Our friend and reader of Booksnthoughts.com asked a good question: Is the Purim story a parable? “What is the significance that Esther is a Persian name? Did Esther really exist or is she a fictional character?” I thought all of our readers would be interested in the answer. Therefore, I am writing the following.


Esther and Mordecai have names based on Persian idols Ishtar and Marduk, but I see no significance in this. Many Talmudic rabbis and Jewish kings had non-Jewish names. The names of our Jewish months are derived from Babylonia and include an idol’s name.

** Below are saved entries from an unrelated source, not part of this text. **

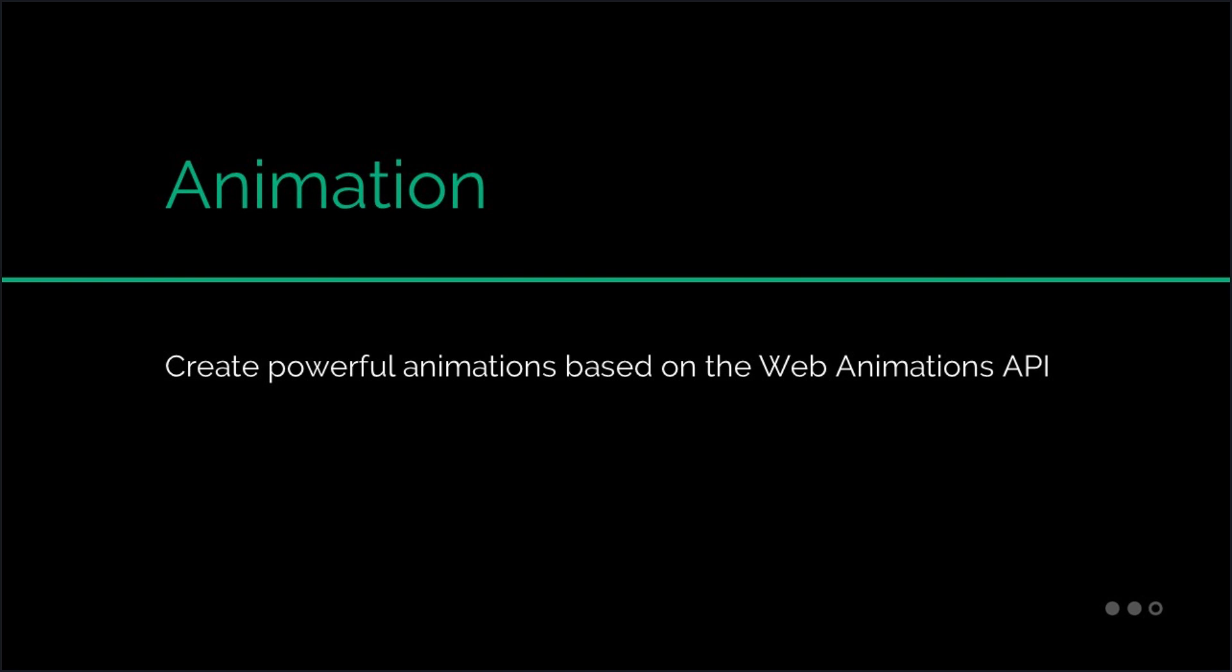Angular offers the ability to create powerful animations and activate them based on a variety of different factors. You can place animations on any HTML elements and make them occur based on Angular life cycles, user events, and more.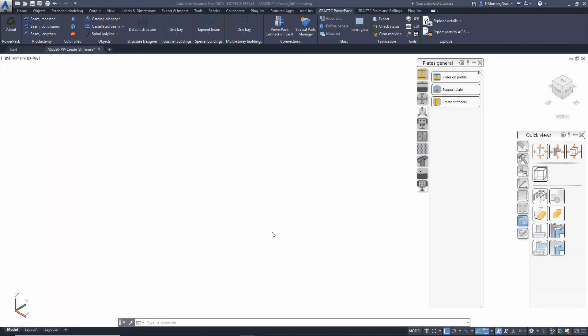When generating stiffeners, there's no faster, easier, or better way to do it than by going to the Greatek Power Pack Create Stiffeners option.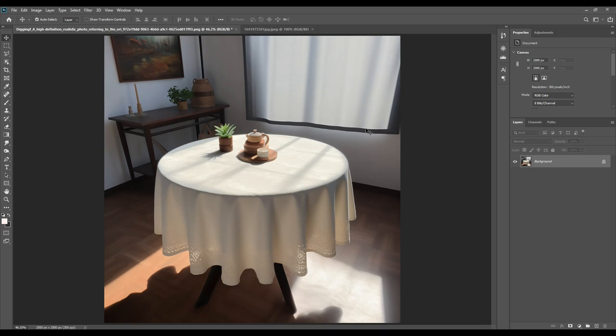Hello and welcome back. Today we have a round table mock-up, and to download the PSD file of this mock-up you can check out the description below where we have provided the link already.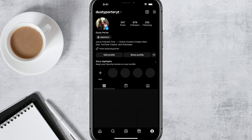First things first, you need to make sure that you do not deactivate your Threads account first. The first thing you want to do is make sure you have an active Threads account — make sure it is active.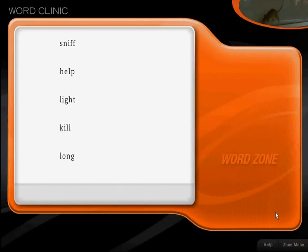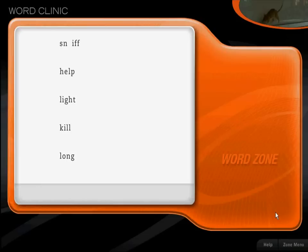Look at these letters that stand for 'iff.' You'll see this word part in many other words. Sn. Iff. Sniff.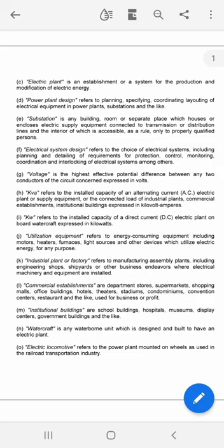Institutional buildings are school buildings, hospitals, museums, display centers, government buildings, and the like. Watercraft is any waterborne unit which is designed and built to have an electric plant. Lastly, electric locomotive refers to the power plants mounted on wheels as used in the railroad transportation industry.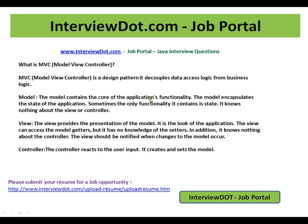Hi, this video is from interview.com. Interview.com is a job portal — if you're looking for a job, you can log on to interview.com and post your resume with us. In this video I'm going to talk about what is Model View Controller.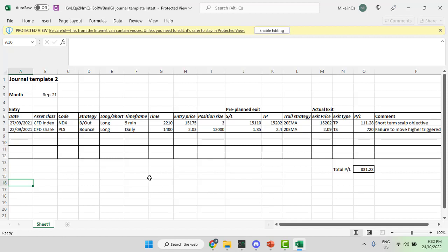Of course, you need to be disciplined enough to not only start this off but keep it going on an ongoing basis. Hope that's useful — we'll see you in the next video.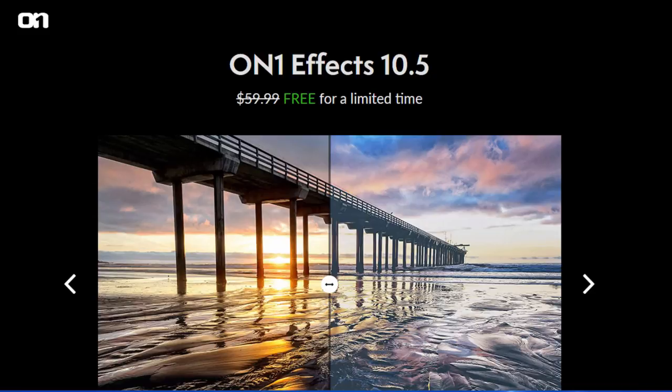Hi, I'm Bill Myers and this is another one of my video tips of the week. In this week's video tip I'm going to show you how to get ON1 Perfect Effects 10.5 for free. Like it says on the screen here, it's free for a limited time. Before I show you where to get it free, let me show you why you may want it.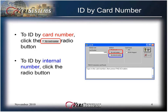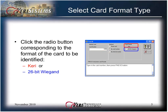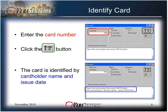To find the ID by card number, click the By Card Number radio button. To ID by internal number, click the By Internal Number radio button. Select the Card Format Type — click the radio button corresponding to the format of the card to be identified, either Carry or 26-bit Wiegand. Enter the card number in the Identify Card Number field and click the Find ID button. The card is then identified by cardholder name and issue date.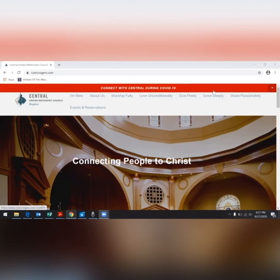Welcome to Central's video on how to register for in-person worship, events, and other gatherings. To begin, you will start at the church's website, cumcrogers.com.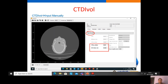The third method to obtain the CTDIvol is from the CT console. The value of CTDIvol is read from the CT console and then manually input into the software, because to calculate the size-specific dose estimate we need these values of CTDIvol and DLP.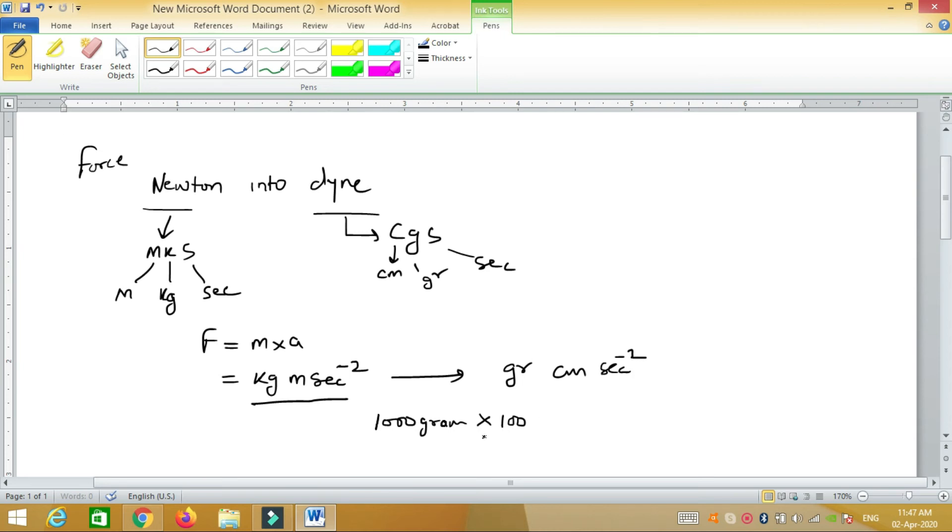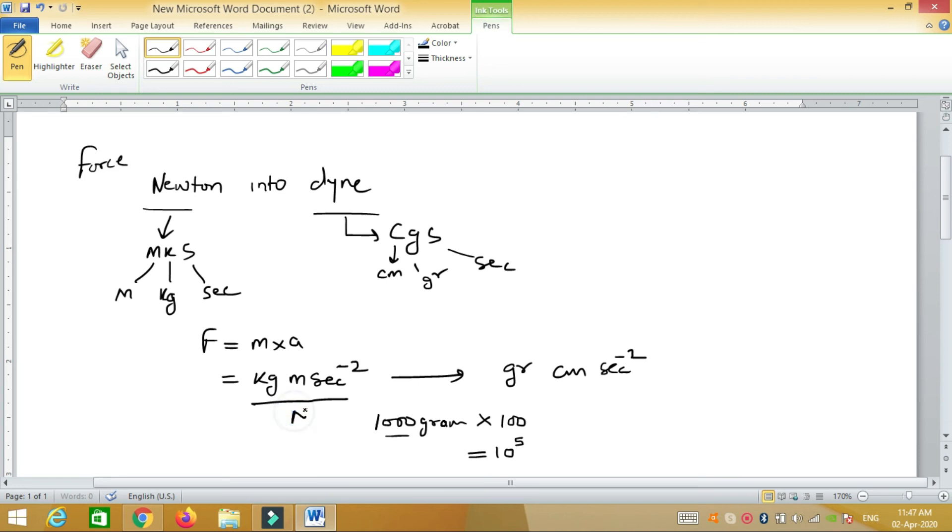Here it is 3, here it is 2. So this is what we call Newton, and this is what we call dyne.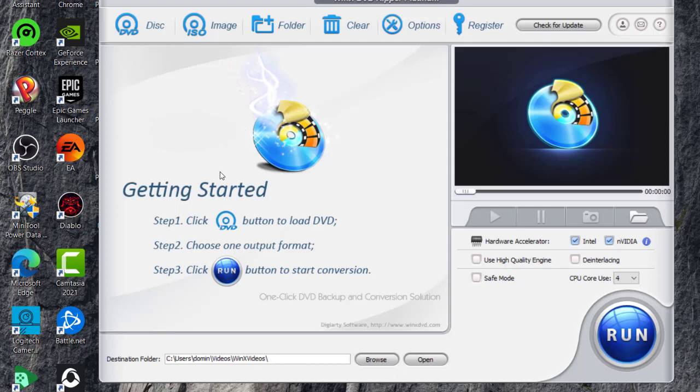So thank you so much for watching. I hope you have a good day. And don't forget to check out the promo code below in the description so that way you can check out the software for yourself and just try it out and see. Thank you so much for watching. Have a great day.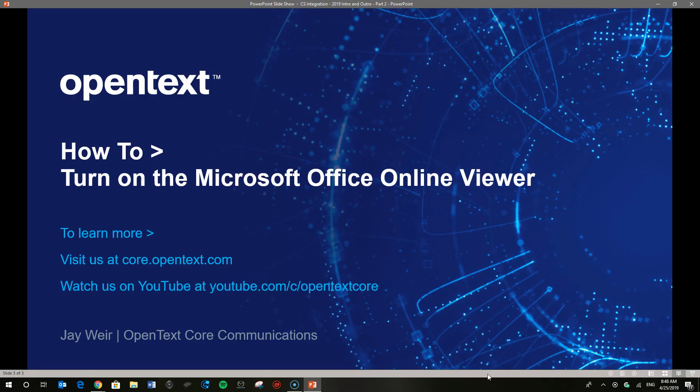So again that's how easy it gets with OpenText Core to better view your office files. If you want to learn more visit us at our product site there or you can watch more videos for both administrators and users on our YouTube channel which is right down there. Thanks a lot and have a great day.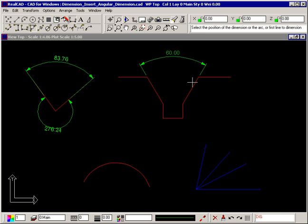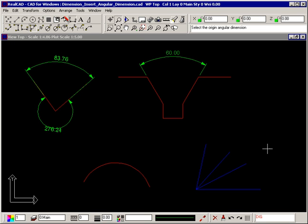If there are a number of lines radiating from a common point, their angles can be quickly dimensioned. In this case, you select where you want the dimension text to appear first. The prompt now tells you to select the origin angular dimension. Snap to the point where the lines meet using the snapping square.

I have two thoughts regarding whether the biblical tale occurred or is a parable. First, I am reminded to recall and follow the advice of the Greek philosopher Plato’s story, which states that his teacher, the philosopher Socrates, was the most intelligent person because he knew he did not know everything. I admit I do not know. Some scholars contend that there is no evidence that Esther existed and the story is a parable. The French Jewish philosopher Joseph ibn Kaspi (1279-1240), who generally followed the views of Maimonides, viewed the Esther story as an allegory that shows how human beings can overcome unfavorable situations. Other scholars disagree. Most rabbis insist it is actual history. I do not know if some of them are saying so only to make Jews who feel they must believe the tale occurred are correct.


Second, even if the book is a parable, it is still sacred because of the many lessons it teaches. Many parts of the Torah itself, such as the introduction about how the world was created, are parables. Some other biblical books, such as the Book of Job, are parables.